**MATERIAL FOR THIS TASK:**

┄┄┄┄┄┄┄┄┄┄

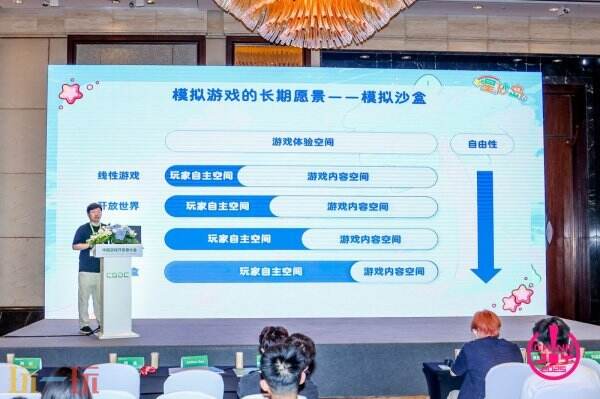 【回顾】2025 （CGDC）中国游戏开发者大会Indie专场圆满落幕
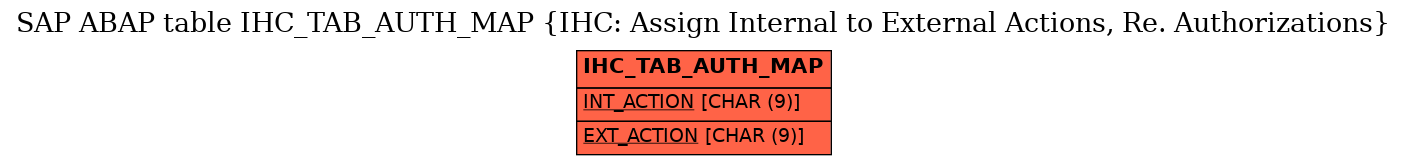 E-R Diagram for table IHC_TAB_AUTH_MAP (IHC: Assign Internal to External Actions, Re. Authorizations)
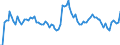 Activity and employment status: Underemployed persons working part-time / International Standard Classification of Education (ISCED 2011): All ISCED 2011 levels / Age class: From 15 to 74 years / Sex: Total / Unit of measure: Thousand persons / Geopolitical entity (reporting): Denmark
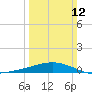 Caillou Boca tide chart for Sunday, March 12, 2023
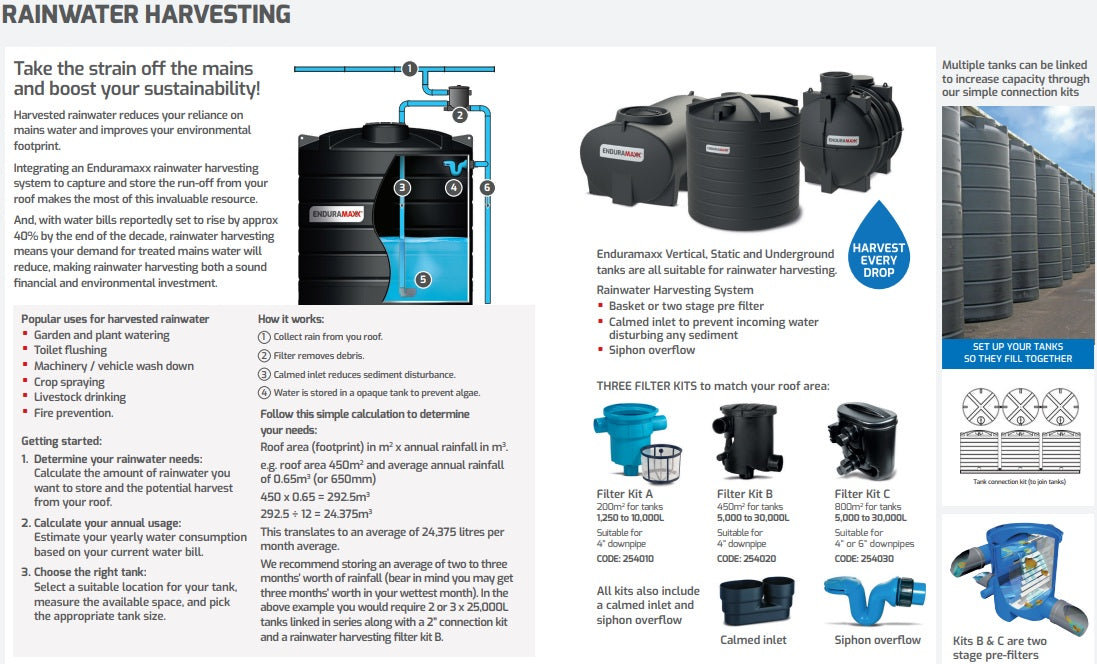 Enduramaxx Rainwater Harvesting Kit A | 254010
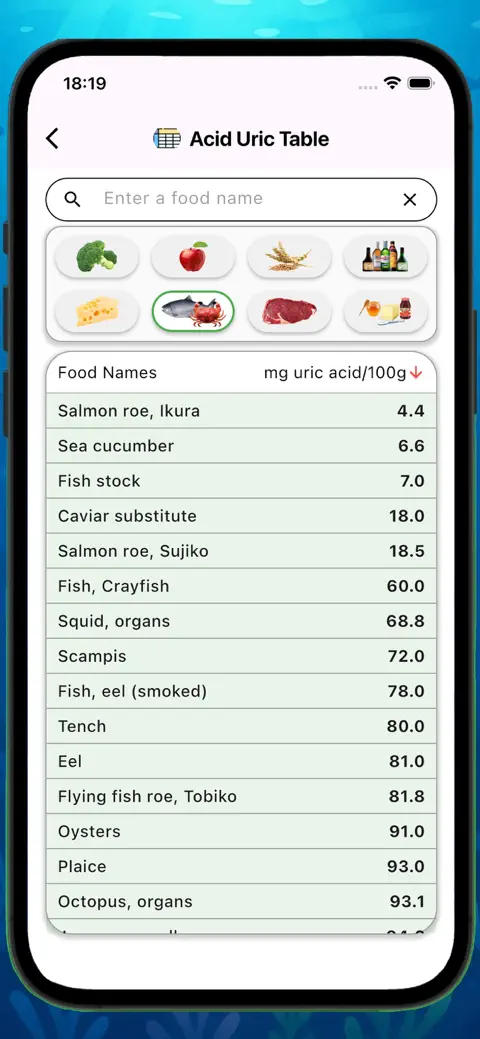 Gout Diet - Acid Uric Table screenshot 4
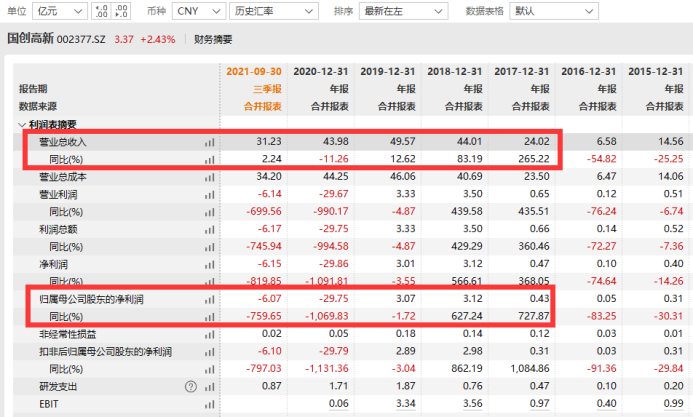 爱房网上海_顶风针蛋糕房网上订蛋糕_海淘会房不剩房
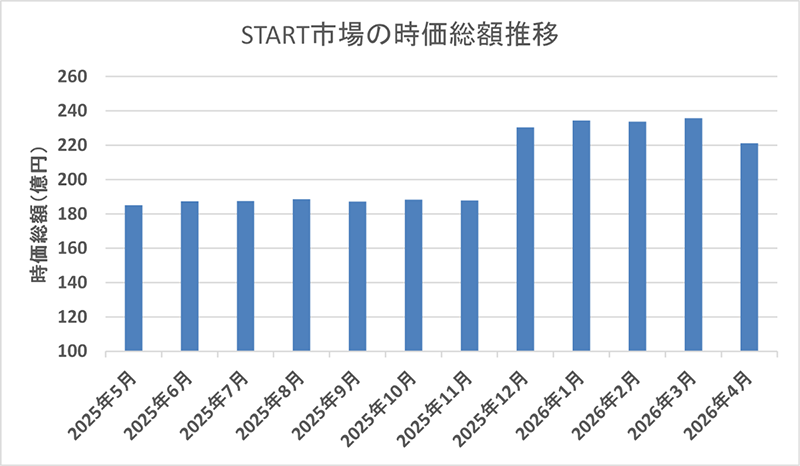 START市場の時価総額推移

┄┄┄┄┄┄┄┄┄┄

**WHAT IS NEEDED:** Leave the pictures out and copy exactly the lines from the one that holds "Enduramaxx Rainwater Harvesting" through the last line of the material.

**SOLUTION FOR THIS TASK:**
 Enduramaxx Rainwater Harvesting Kit A | 254010
 Gout Diet - Acid Uric Table screenshot 4
 爱房网上海_顶风针蛋糕房网上订蛋糕_海淘会房不剩房
 START市場の時価総額推移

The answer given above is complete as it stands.